Content starts
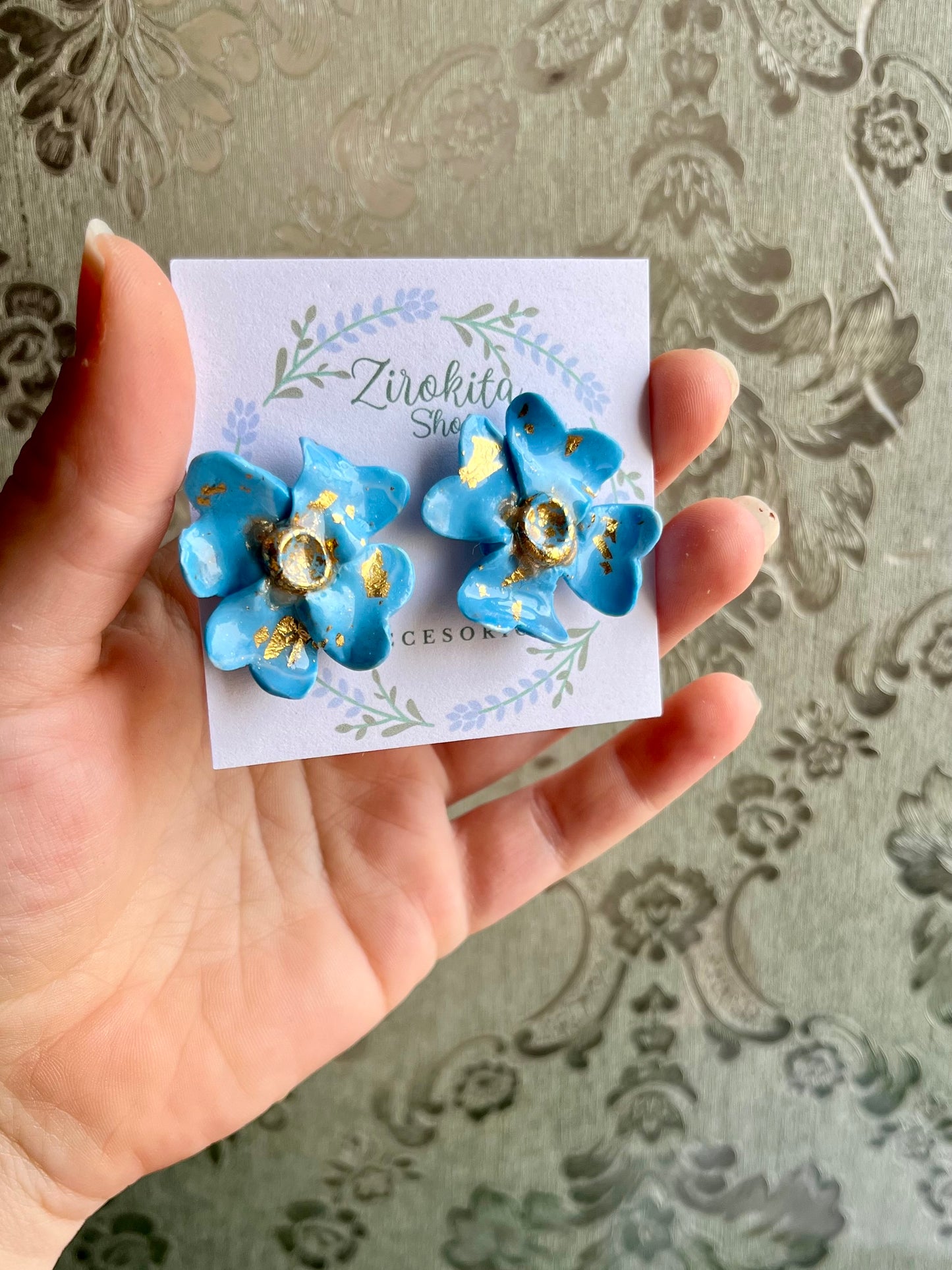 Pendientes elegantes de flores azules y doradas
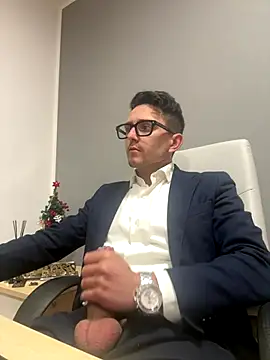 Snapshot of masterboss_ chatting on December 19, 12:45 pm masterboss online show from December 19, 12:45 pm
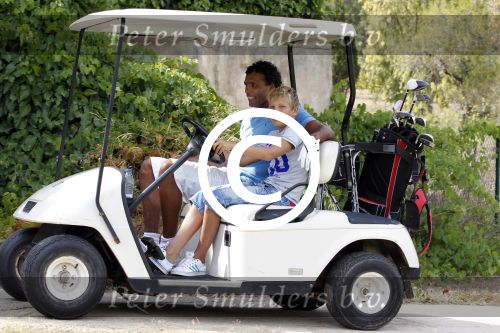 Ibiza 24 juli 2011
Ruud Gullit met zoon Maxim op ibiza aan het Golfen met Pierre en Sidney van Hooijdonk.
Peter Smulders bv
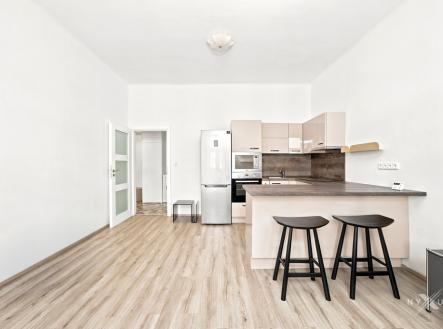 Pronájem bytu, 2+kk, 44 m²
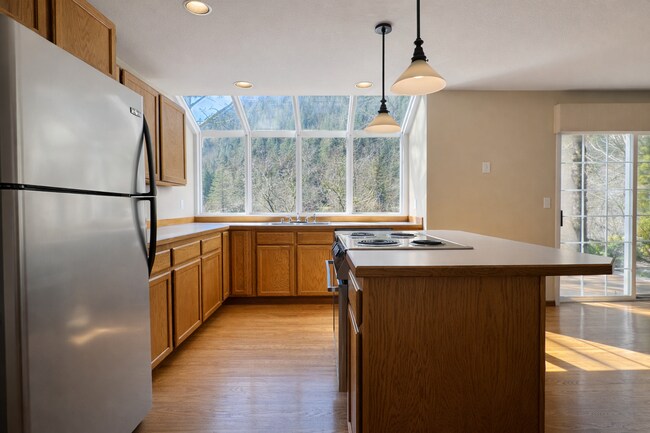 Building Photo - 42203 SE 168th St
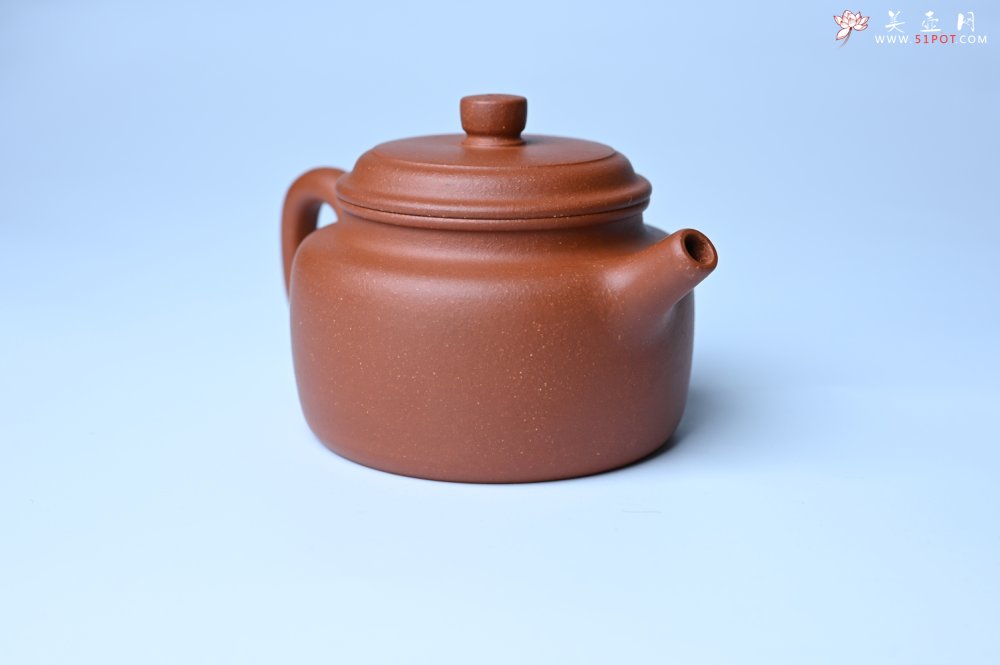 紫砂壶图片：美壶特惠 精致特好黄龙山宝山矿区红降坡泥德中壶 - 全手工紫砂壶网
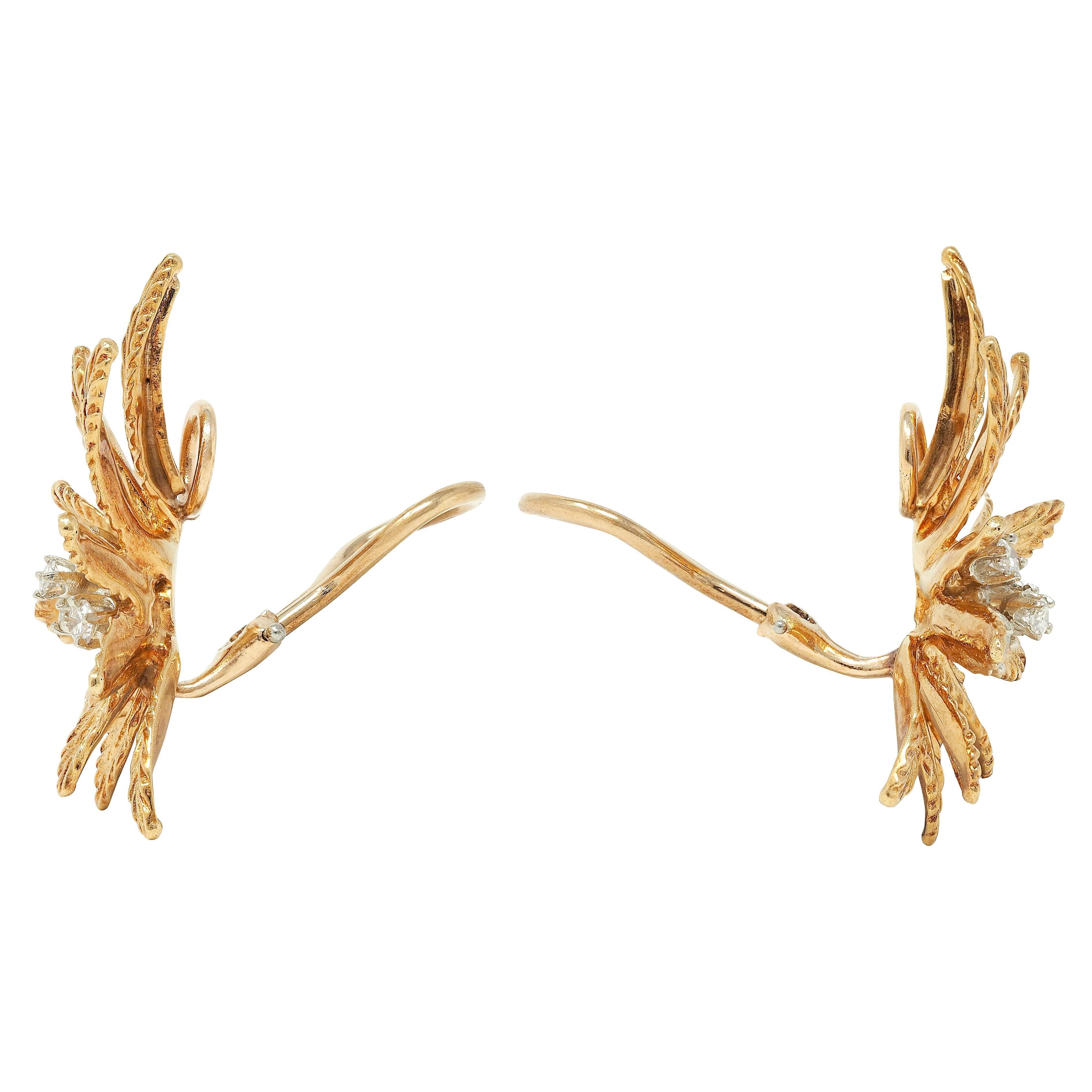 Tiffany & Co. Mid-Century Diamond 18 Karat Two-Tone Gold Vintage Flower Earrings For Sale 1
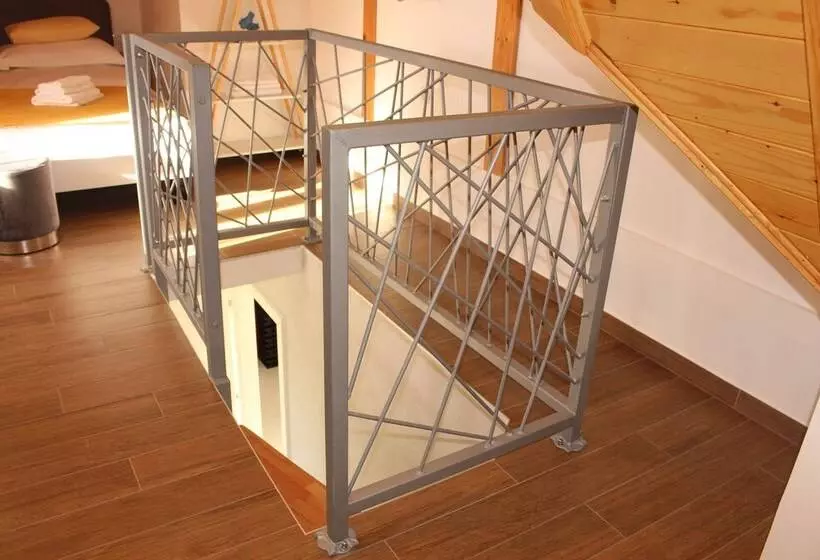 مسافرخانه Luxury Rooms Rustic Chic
Content ends
_Task description_
Keep every word of the material exactly as given. Drop the pictures.

_Task output_
 Pendientes elegantes de flores azules y doradas
 Snapshot of masterboss_ chatting on December 19, 12:45 pm masterboss online show from December 19, 12:45 pm
 Ibiza 24 juli 2011
Ruud Gullit met zoon Maxim op ibiza aan het Golfen met Pierre en Sidney van Hooijdonk.
Peter Smulders bv
 Pronájem bytu, 2+kk, 44 m²
 Building Photo - 42203 SE 168th St
 紫砂壶图片：美壶特惠 精致特好黄龙山宝山矿区红降坡泥德中壶 - 全手工紫砂壶网
 Tiffany & Co. Mid-Century Diamond 18 Karat Two-Tone Gold Vintage Flower Earrings For Sale 1
 مسافرخانه Luxury Rooms Rustic Chic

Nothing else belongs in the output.